* [Dataset section]:
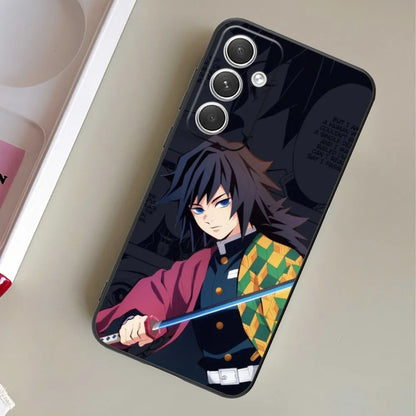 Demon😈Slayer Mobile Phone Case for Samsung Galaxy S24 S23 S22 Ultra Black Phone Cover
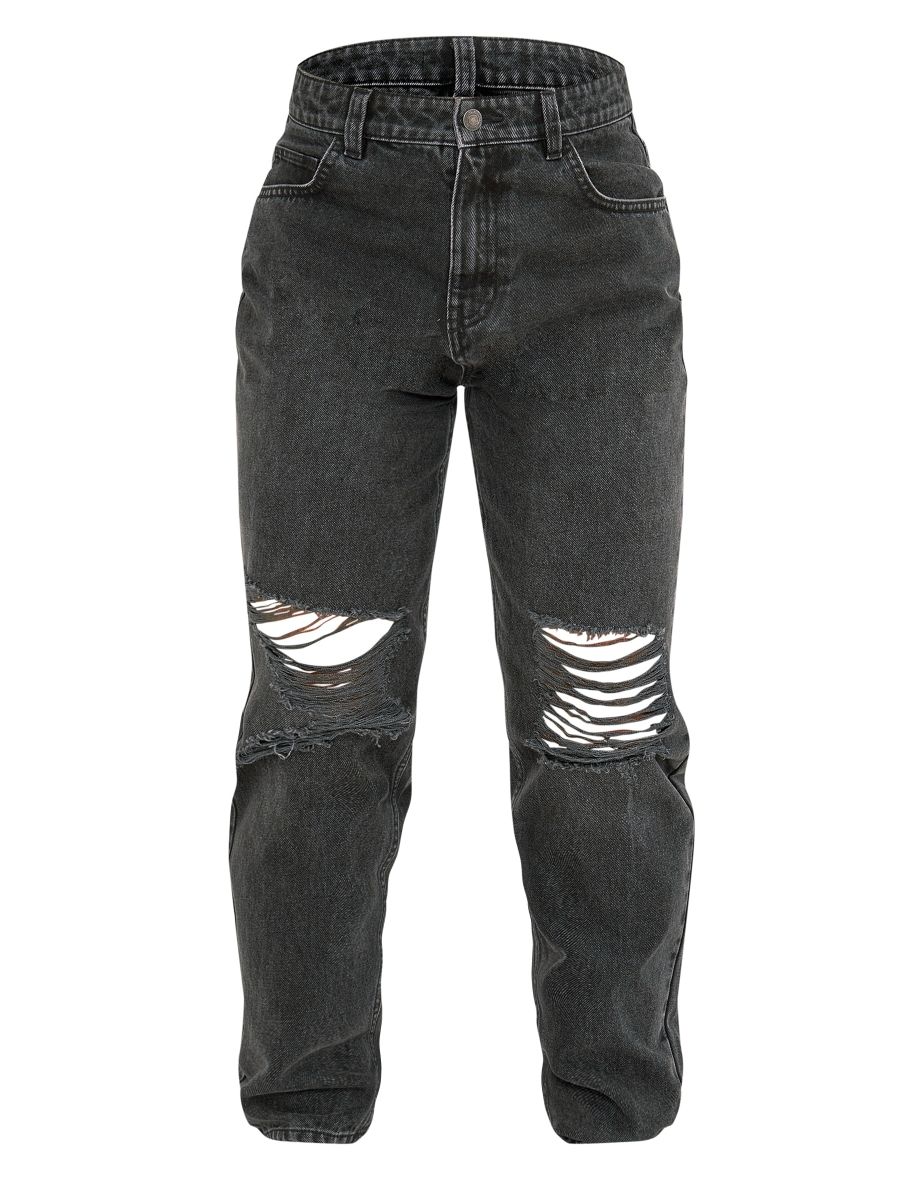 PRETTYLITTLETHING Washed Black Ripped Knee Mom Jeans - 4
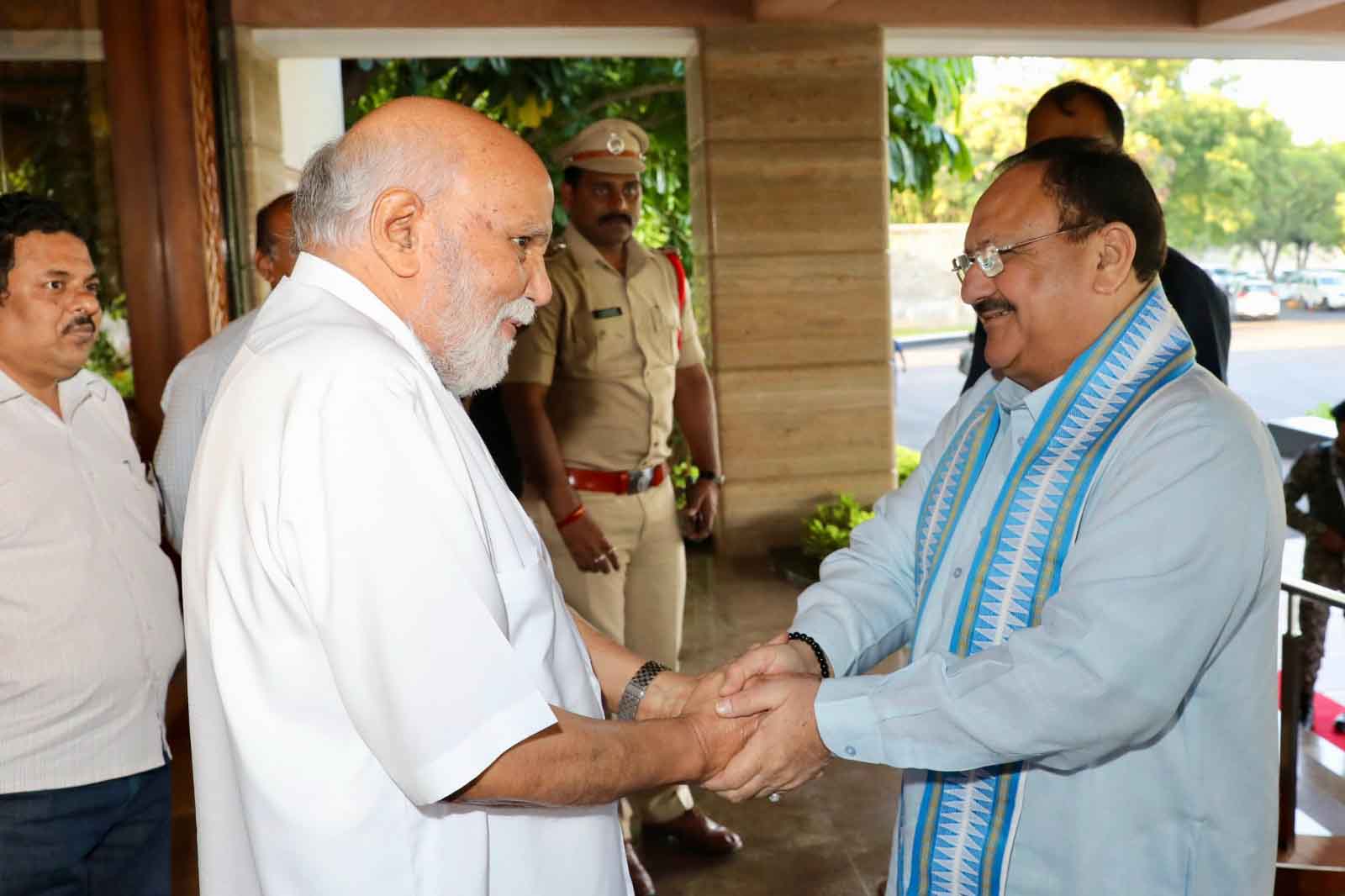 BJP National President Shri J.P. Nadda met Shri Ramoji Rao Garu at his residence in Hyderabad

* [Your objective]:
Output all the data, exactly, without images.

* [Solution below]:
 Demon😈Slayer Mobile Phone Case for Samsung Galaxy S24 S23 S22 Ultra Black Phone Cover
 PRETTYLITTLETHING Washed Black Ripped Knee Mom Jeans - 4
 BJP National President Shri J.P. Nadda met Shri Ramoji Rao Garu at his residence in Hyderabad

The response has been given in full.